Project Description
As the World Burns, Billionaires Race to Space
for Sierra magazine
Last week, billionaire Richard Branson soared high above the earth in a rocket, to the edge of space. The flight marked the launch of the commercial space travel that Branson’s company Virgin Galactic plans to begin offering next year, setting off what he calls “the dawn of a new space age.” On Virgin Galactic’s global livestream of Branson’s flight, red-hot streaks of rocket propellant blasted from the engines against the blue sky over New Mexico. The mood was one of levity. Like the Cold War moon landing, as a public spectacle it brimmed with hopeful possibility and served as a demonstration of what we are capable of when we direct our resources and imagination toward a goal. A montage advertised the Virgin Group (Galactic is just one of some 400 companies that Branson owns), and a voiceover intoned, “If we can do this, imagine what else we can do.”

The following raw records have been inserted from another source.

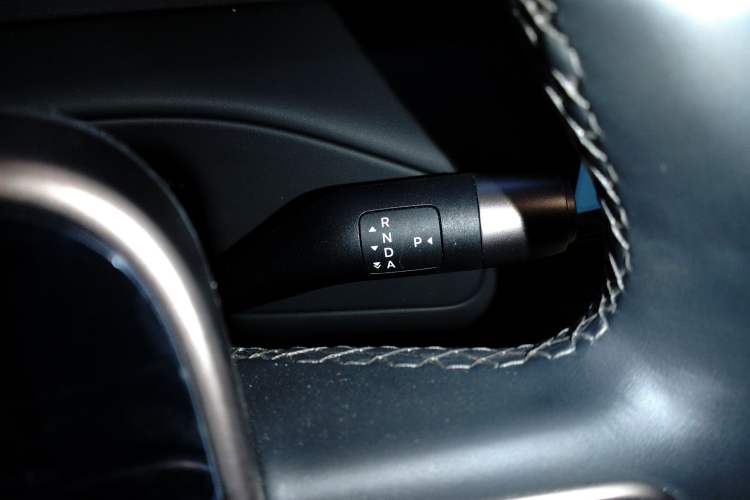 Used Li Auto MEGA 2025 Home Family Special Edition
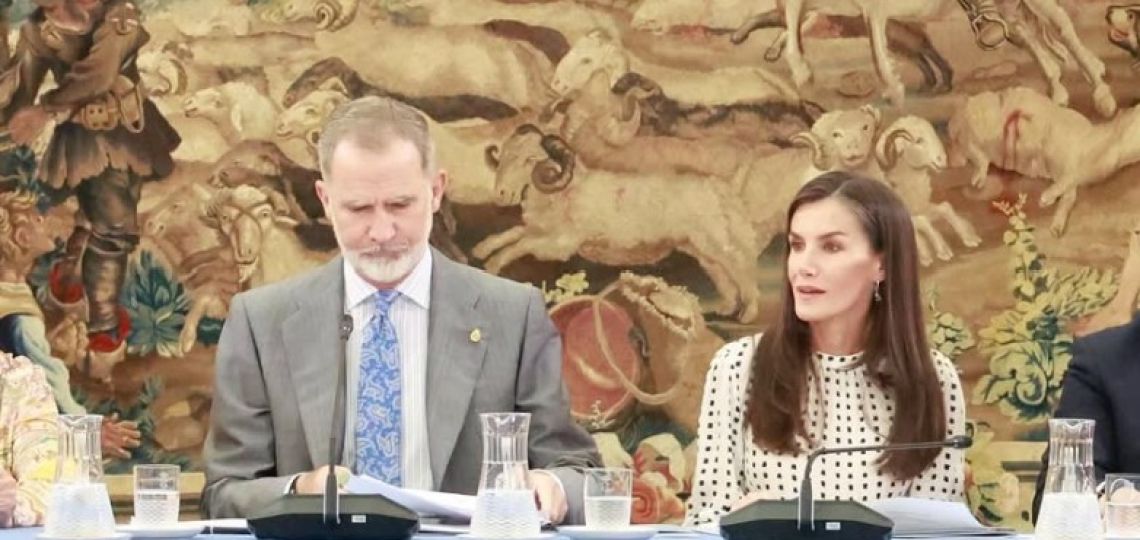 Letizia Ortiz demuestra como los microcuadrados son los nuevo polka dots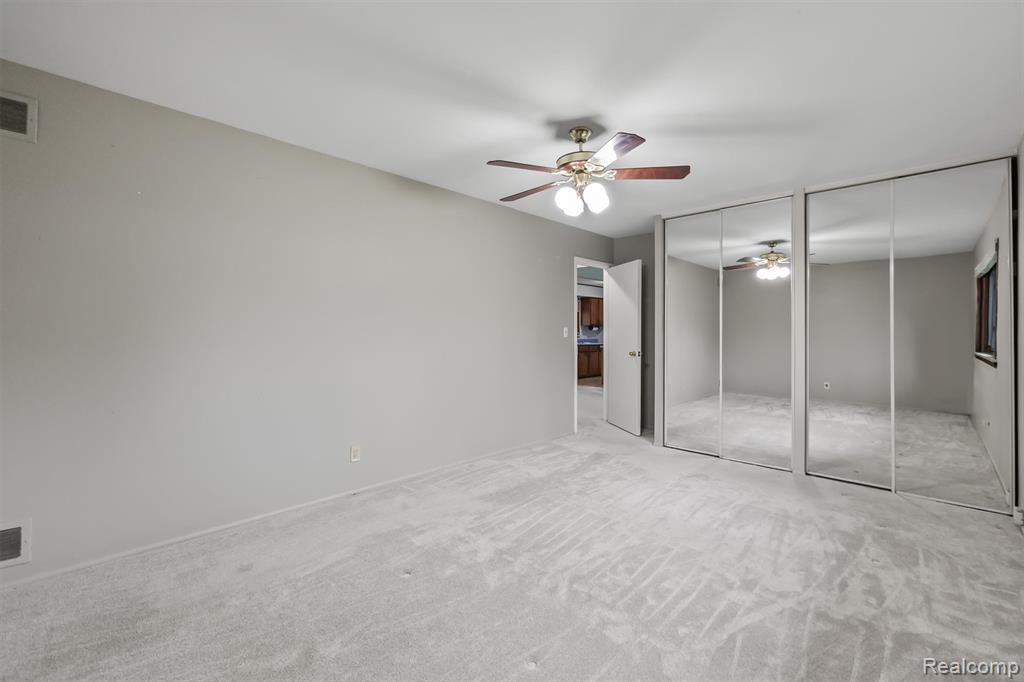 2475 Lafay Drive, West Bloomfield, MI 48324 — Photo 17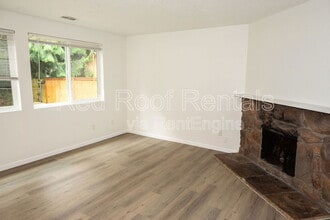 33043 22nd Pl S in Federal Way, WA - Building Photo - Building Photo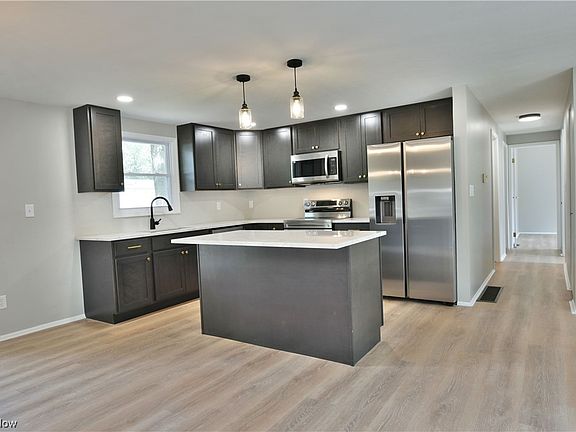 2nd image of 3749 Allenwood Dr SE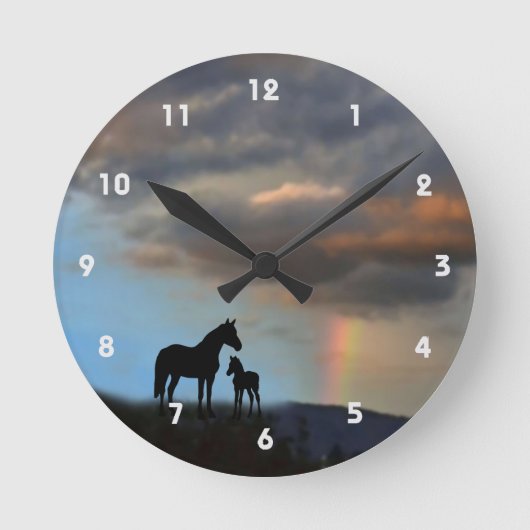 Wild Mustang Mare en Foal Silhouette met regenboog Ronde Klok (Voorkant)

Two days earlier, Death Valley reached 130 degrees Fahrenheit, the hottest temperature on Earth ever recorded. More than 31 million American people who were not floating giddily in space were under heat advisories, in the third major heat wave of the summer. The associate director of the Environmental Change Institute at the University of Oxford, Friederike Otto, told The Guardian, “This is by far the largest jump [in temperature] in the record I have ever seen,” a statement that echoed Neil Armstrong’s “one giant leap for mankind.” If we were seeing the dawn of a new space age, we were also seeing the dawn of a much hotter Earth—and traveling in rockets is arguably the most carbon-spewing thing an individual can do.